My Son’s Drug Addiction: What I Learned About Myself

When I learned my son was addicted to drugs, my focus was on him and his addiction. Like many parents, I felt that his addiction was every bit of my problem as it was his. I tirelessly tried to fix his addiction but after a few years of repeated behaviors and strong reactions, no one got better.

I didn’t know what I was doing wrong.

It wasn’t until I realized that my son’s sobriety was out of my control that I began to feel better. I had much to learn about myself and how I had little to no authority over this disease.

“What have I learned?” I think this is the most important question a parent of a teen with an addiction can ask him or herself. This self-reflective question emphasizes you, the parent, and not the child with the drug problem.
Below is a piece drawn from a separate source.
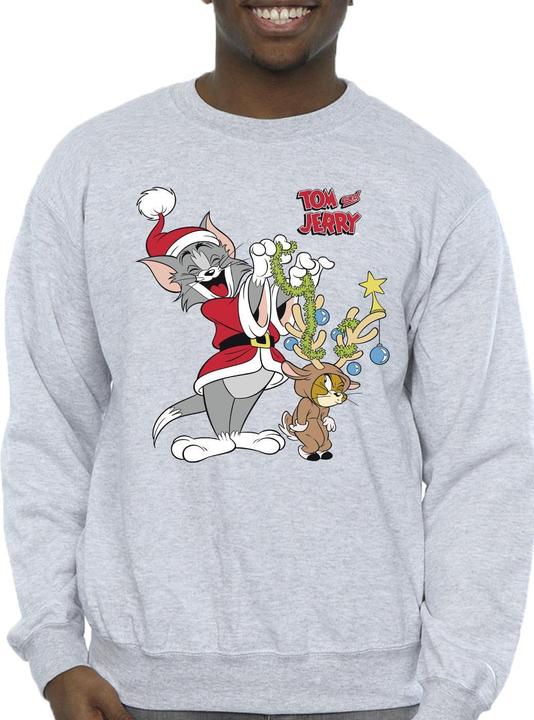 Immagine prodotto Tom & Jerry Christmas Reindeer Felpa Uomo (5XL)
In the midst of crisis and drama, it is difficult to figure out what to do to support a loved one with an addiction. A parent cannot deal successfully with the chaos this disease brings if he or she is feeling fear and anger within.

True education occurs when we can sit quietly and reflect upon the events and look critically at our own role as a loving and supportive parent. Without quiet contemplation and analysis of your own actions, a parent can fall into the same traps and reactions. After a long period of doing the same thing over and over again, you may begin questioning, “Who is the crazy one in this picture?”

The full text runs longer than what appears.